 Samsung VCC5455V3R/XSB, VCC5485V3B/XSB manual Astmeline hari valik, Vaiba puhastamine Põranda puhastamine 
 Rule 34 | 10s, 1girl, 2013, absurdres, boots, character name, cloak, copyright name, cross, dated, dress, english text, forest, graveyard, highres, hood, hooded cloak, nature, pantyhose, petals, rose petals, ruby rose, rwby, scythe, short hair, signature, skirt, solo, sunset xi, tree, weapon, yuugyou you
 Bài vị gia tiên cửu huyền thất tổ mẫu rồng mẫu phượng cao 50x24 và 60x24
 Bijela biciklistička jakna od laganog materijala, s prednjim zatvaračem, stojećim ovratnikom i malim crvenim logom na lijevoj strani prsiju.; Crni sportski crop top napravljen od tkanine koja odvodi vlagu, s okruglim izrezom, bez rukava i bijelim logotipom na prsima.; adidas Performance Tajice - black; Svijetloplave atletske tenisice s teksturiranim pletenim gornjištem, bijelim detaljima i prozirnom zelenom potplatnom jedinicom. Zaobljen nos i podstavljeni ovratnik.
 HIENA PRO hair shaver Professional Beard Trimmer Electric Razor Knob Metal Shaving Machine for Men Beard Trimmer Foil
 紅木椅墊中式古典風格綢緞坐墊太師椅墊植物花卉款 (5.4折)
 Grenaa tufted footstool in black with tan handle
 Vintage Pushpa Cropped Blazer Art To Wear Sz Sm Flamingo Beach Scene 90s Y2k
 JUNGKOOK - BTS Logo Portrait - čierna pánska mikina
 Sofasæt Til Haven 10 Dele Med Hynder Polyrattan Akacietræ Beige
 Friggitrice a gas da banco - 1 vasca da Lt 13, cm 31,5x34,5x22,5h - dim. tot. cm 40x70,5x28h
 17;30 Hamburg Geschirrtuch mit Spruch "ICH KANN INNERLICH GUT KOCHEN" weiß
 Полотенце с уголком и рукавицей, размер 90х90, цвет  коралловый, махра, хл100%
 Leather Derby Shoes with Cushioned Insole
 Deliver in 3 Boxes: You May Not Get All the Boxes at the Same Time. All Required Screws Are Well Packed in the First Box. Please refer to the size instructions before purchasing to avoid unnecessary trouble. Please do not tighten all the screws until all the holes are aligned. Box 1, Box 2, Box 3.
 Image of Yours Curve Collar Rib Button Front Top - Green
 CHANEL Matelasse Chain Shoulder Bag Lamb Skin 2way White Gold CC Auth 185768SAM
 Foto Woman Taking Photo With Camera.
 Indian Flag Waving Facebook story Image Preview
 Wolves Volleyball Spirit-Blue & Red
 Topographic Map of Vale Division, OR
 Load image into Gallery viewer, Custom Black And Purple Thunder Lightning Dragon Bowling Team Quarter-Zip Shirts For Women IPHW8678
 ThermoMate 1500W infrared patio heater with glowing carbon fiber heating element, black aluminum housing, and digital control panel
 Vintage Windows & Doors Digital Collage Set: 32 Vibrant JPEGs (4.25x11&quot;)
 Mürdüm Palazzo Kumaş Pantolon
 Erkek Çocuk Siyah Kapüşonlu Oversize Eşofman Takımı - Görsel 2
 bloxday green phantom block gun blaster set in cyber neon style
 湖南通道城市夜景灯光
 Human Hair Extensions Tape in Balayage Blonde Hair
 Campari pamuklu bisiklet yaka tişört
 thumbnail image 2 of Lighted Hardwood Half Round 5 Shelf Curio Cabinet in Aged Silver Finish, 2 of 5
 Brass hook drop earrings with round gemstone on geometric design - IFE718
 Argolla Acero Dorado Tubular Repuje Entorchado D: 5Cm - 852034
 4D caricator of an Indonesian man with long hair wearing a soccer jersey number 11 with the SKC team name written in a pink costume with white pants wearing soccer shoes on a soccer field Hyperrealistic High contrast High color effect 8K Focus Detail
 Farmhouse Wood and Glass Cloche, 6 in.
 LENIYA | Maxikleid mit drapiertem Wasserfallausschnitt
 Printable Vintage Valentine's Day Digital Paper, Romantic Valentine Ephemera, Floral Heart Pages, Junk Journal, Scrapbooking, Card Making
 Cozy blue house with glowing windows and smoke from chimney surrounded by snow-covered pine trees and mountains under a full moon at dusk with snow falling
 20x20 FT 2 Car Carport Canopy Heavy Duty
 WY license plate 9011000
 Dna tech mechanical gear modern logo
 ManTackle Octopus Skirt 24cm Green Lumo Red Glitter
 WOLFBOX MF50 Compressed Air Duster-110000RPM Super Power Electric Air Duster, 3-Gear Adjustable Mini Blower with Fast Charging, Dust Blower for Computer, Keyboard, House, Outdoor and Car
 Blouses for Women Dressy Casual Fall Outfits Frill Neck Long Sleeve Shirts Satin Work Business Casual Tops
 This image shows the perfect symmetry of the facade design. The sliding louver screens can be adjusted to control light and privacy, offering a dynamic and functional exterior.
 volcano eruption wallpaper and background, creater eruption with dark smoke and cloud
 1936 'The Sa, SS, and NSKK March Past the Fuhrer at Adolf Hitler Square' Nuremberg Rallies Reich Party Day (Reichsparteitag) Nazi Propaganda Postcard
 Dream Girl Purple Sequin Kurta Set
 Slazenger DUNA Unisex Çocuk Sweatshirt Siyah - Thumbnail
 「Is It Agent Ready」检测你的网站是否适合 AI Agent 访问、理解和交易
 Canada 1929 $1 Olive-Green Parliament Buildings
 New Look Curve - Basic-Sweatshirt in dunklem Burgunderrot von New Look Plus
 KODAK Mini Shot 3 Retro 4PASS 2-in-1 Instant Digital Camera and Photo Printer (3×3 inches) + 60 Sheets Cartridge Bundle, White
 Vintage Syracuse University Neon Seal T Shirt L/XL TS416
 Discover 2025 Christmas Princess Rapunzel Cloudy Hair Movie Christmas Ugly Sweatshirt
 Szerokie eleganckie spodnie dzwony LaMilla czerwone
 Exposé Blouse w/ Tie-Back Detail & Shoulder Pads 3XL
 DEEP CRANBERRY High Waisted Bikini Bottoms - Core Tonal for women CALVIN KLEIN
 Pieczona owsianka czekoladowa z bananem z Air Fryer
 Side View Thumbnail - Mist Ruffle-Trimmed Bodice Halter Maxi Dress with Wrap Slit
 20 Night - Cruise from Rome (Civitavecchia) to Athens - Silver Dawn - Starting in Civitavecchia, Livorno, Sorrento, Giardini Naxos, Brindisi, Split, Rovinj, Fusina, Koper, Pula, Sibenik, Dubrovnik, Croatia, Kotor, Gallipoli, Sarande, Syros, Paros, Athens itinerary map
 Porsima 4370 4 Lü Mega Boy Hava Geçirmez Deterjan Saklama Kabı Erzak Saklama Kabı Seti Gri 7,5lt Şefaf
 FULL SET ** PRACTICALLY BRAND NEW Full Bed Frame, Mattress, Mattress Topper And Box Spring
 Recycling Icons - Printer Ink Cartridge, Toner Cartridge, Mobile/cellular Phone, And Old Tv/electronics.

> [EXERCISE REQUIREMENTS]:
Could you transcribe the entries above word for word, from the line with "Sofasæt Til Haven" down to the line with "Brass hook drop", keeping both?

> [RESPONSE]:
 Sofasæt Til Haven 10 Dele Med Hynder Polyrattan Akacietræ Beige
 Friggitrice a gas da banco - 1 vasca da Lt 13, cm 31,5x34,5x22,5h - dim. tot. cm 40x70,5x28h
 17;30 Hamburg Geschirrtuch mit Spruch "ICH KANN INNERLICH GUT KOCHEN" weiß
 Полотенце с уголком и рукавицей, размер 90х90, цвет  коралловый, махра, хл100%
 Leather Derby Shoes with Cushioned Insole
 Deliver in 3 Boxes: You May Not Get All the Boxes at the Same Time. All Required Screws Are Well Packed in the First Box. Please refer to the size instructions before purchasing to avoid unnecessary trouble. Please do not tighten all the screws until all the holes are aligned. Box 1, Box 2, Box 3.
 Image of Yours Curve Collar Rib Button Front Top - Green
 CHANEL Matelasse Chain Shoulder Bag Lamb Skin 2way White Gold CC Auth 185768SAM
 Foto Woman Taking Photo With Camera.
 Indian Flag Waving Facebook story Image Preview
 Wolves Volleyball Spirit-Blue & Red
 Topographic Map of Vale Division, OR
 Load image into Gallery viewer, Custom Black And Purple Thunder Lightning Dragon Bowling Team Quarter-Zip Shirts For Women IPHW8678
 ThermoMate 1500W infrared patio heater with glowing carbon fiber heating element, black aluminum housing, and digital control panel
 Vintage Windows & Doors Digital Collage Set: 32 Vibrant JPEGs (4.25x11&quot;)
 Mürdüm Palazzo Kumaş Pantolon
 Erkek Çocuk Siyah Kapüşonlu Oversize Eşofman Takımı - Görsel 2
 bloxday green phantom block gun blaster set in cyber neon style
 湖南通道城市夜景灯光
 Human Hair Extensions Tape in Balayage Blonde Hair
 Campari pamuklu bisiklet yaka tişört
 thumbnail image 2 of Lighted Hardwood Half Round 5 Shelf Curio Cabinet in Aged Silver Finish, 2 of 5
 Brass hook drop earrings with round gemstone on geometric design - IFE718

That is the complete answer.